*Records provided*:
= Beginning of Section =

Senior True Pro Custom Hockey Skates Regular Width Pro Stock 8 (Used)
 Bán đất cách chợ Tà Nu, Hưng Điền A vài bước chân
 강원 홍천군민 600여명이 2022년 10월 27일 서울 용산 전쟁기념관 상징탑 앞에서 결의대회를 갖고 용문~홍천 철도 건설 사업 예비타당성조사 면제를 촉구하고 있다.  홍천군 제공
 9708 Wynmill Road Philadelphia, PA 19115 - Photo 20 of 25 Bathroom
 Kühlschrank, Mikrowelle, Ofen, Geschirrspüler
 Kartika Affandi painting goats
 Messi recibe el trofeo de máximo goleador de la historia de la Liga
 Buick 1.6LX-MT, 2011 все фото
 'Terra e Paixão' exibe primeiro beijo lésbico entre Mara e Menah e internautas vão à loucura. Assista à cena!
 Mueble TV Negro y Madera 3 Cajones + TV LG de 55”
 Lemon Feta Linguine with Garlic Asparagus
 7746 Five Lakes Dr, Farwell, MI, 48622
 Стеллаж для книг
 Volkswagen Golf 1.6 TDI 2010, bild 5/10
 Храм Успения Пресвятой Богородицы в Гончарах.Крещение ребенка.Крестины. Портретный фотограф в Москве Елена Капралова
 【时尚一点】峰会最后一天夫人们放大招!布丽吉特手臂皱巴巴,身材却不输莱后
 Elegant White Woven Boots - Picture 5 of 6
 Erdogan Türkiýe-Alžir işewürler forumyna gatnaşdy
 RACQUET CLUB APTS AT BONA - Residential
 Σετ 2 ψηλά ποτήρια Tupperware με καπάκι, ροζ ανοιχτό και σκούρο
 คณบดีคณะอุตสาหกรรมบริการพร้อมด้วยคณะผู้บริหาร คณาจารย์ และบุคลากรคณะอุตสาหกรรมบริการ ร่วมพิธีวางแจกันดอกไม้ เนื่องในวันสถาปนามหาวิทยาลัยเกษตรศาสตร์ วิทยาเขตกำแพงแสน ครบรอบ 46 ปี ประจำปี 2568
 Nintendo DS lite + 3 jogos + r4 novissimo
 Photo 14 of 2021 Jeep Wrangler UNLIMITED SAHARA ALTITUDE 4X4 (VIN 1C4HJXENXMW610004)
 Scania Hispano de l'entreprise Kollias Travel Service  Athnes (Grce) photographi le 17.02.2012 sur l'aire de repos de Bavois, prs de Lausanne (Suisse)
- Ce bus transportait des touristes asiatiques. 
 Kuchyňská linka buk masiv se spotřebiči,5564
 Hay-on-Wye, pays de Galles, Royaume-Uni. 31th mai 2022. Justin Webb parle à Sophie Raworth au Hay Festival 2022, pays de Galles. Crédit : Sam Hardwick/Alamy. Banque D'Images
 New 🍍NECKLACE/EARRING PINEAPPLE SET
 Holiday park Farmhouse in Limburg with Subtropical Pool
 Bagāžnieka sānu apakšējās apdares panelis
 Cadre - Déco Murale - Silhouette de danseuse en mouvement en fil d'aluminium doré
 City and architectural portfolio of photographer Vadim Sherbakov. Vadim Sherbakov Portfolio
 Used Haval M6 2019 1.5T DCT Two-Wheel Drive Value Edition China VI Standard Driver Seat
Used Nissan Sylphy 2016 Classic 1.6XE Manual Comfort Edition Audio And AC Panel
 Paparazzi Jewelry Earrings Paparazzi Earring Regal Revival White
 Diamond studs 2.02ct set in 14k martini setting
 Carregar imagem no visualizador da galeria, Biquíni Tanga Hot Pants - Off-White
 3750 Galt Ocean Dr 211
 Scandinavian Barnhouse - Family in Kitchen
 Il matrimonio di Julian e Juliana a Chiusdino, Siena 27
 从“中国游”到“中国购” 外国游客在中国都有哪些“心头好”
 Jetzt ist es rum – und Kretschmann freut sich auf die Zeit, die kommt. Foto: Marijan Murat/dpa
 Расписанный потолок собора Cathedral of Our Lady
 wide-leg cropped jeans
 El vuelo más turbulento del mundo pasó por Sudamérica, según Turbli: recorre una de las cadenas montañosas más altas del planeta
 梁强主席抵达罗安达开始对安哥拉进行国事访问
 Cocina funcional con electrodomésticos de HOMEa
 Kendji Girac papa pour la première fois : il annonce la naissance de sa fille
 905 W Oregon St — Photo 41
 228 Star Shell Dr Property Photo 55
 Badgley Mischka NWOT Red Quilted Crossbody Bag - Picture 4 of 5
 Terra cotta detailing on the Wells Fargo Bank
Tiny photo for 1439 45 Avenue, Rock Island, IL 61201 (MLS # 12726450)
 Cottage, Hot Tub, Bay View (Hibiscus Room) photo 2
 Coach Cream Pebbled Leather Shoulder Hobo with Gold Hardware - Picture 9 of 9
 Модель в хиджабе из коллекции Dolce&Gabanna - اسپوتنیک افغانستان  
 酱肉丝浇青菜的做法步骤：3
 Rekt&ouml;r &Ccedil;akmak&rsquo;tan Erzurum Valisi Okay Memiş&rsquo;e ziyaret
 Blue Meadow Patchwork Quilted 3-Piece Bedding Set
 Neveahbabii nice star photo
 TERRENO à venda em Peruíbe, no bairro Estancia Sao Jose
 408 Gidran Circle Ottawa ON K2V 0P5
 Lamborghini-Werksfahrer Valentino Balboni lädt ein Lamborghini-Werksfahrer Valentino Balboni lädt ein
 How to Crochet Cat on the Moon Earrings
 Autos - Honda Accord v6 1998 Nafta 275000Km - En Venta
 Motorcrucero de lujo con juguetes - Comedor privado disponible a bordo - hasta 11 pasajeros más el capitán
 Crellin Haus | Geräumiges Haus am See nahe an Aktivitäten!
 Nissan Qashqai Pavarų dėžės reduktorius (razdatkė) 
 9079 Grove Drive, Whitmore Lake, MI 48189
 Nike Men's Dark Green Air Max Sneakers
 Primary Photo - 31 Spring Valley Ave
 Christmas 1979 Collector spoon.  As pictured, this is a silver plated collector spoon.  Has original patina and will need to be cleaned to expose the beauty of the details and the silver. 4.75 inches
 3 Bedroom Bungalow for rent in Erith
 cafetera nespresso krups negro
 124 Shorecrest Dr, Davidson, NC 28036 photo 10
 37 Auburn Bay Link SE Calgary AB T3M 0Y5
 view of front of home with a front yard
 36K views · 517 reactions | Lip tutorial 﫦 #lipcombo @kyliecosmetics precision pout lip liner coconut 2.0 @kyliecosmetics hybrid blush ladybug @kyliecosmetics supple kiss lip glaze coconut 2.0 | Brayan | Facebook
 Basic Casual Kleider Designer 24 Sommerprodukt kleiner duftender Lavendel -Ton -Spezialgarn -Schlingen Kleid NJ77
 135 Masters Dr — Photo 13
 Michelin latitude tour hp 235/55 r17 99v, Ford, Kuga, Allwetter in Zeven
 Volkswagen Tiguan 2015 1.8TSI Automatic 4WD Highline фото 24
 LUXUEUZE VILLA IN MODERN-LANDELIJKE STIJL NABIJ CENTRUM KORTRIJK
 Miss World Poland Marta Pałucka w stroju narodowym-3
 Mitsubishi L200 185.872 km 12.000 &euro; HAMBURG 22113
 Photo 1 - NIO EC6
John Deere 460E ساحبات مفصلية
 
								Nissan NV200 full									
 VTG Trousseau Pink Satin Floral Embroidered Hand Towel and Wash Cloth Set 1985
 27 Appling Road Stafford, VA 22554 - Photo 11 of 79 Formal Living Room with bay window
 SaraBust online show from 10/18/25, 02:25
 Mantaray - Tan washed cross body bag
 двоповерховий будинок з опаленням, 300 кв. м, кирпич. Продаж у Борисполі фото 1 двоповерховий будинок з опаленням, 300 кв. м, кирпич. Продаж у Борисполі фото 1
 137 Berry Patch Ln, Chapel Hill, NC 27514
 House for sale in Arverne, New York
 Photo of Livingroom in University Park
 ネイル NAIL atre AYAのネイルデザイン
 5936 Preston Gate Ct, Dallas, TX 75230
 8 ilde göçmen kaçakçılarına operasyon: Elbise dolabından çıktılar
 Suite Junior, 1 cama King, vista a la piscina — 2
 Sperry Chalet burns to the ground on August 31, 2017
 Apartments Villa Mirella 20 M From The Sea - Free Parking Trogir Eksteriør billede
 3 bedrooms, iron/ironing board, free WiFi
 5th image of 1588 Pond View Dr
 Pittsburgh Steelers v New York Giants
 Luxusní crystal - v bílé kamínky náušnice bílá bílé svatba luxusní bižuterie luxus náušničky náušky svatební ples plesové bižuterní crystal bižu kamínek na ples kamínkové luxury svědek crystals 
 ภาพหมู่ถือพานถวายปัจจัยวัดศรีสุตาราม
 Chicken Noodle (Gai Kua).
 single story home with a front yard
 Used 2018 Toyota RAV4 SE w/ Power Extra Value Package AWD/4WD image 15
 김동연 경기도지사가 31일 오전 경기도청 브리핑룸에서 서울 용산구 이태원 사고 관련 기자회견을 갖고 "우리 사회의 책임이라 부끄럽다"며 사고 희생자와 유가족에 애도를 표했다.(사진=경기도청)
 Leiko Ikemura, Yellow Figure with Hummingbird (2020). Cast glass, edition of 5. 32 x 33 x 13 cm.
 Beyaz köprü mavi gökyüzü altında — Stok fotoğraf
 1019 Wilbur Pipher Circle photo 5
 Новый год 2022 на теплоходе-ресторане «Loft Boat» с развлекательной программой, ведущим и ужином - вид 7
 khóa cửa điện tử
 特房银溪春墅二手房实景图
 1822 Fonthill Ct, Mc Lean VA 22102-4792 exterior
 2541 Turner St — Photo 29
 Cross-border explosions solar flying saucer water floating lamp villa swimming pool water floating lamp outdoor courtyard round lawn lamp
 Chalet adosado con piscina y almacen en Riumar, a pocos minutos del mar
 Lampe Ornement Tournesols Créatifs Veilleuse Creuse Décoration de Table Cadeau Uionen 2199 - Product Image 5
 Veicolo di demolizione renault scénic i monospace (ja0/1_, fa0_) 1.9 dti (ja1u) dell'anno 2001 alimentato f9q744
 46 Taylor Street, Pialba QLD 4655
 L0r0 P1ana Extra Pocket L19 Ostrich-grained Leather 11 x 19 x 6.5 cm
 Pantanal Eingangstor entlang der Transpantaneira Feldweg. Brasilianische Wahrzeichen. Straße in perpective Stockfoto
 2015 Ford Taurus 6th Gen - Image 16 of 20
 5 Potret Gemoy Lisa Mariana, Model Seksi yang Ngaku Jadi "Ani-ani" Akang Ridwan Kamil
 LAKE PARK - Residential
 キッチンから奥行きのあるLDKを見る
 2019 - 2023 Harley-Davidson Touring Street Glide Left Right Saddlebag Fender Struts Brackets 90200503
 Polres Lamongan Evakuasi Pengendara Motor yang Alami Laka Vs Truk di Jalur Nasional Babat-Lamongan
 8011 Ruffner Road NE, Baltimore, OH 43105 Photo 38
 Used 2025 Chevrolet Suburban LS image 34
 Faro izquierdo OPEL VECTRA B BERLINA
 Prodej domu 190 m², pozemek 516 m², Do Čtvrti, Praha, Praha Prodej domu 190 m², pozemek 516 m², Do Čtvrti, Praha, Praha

= End of Section =

Please copy, exactly as written, every line in the listing above from the line with "SaraBust online show from 10/18/25, 02:25" up to and including the line with "2541 Turner St — Photo 29".

 SaraBust online show from 10/18/25, 02:25
 Mantaray - Tan washed cross body bag
 двоповерховий будинок з опаленням, 300 кв. м, кирпич. Продаж у Борисполі фото 1 двоповерховий будинок з опаленням, 300 кв. м, кирпич. Продаж у Борисполі фото 1
 137 Berry Patch Ln, Chapel Hill, NC 27514
 House for sale in Arverne, New York
 Photo of Livingroom in University Park
 ネイル NAIL atre AYAのネイルデザイン
 5936 Preston Gate Ct, Dallas, TX 75230
 8 ilde göçmen kaçakçılarına operasyon: Elbise dolabından çıktılar
 Suite Junior, 1 cama King, vista a la piscina — 2
 Sperry Chalet burns to the ground on August 31, 2017
 Apartments Villa Mirella 20 M From The Sea - Free Parking Trogir Eksteriør billede
 3 bedrooms, iron/ironing board, free WiFi
 5th image of 1588 Pond View Dr
 Pittsburgh Steelers v New York Giants
 Luxusní crystal - v bílé kamínky náušnice bílá bílé svatba luxusní bižuterie luxus náušničky náušky svatební ples plesové bižuterní crystal bižu kamínek na ples kamínkové luxury svědek crystals 
 ภาพหมู่ถือพานถวายปัจจัยวัดศรีสุตาราม
 Chicken Noodle (Gai Kua).
 single story home with a front yard
 Used 2018 Toyota RAV4 SE w/ Power Extra Value Package AWD/4WD image 15
 김동연 경기도지사가 31일 오전 경기도청 브리핑룸에서 서울 용산구 이태원 사고 관련 기자회견을 갖고 "우리 사회의 책임이라 부끄럽다"며 사고 희생자와 유가족에 애도를 표했다.(사진=경기도청)
 Leiko Ikemura, Yellow Figure with Hummingbird (2020). Cast glass, edition of 5. 32 x 33 x 13 cm.
 Beyaz köprü mavi gökyüzü altında — Stok fotoğraf
 1019 Wilbur Pipher Circle photo 5
 Новый год 2022 на теплоходе-ресторане «Loft Boat» с развлекательной программой, ведущим и ужином - вид 7
 khóa cửa điện tử
 特房银溪春墅二手房实景图
 1822 Fonthill Ct, Mc Lean VA 22102-4792 exterior
 2541 Turner St — Photo 29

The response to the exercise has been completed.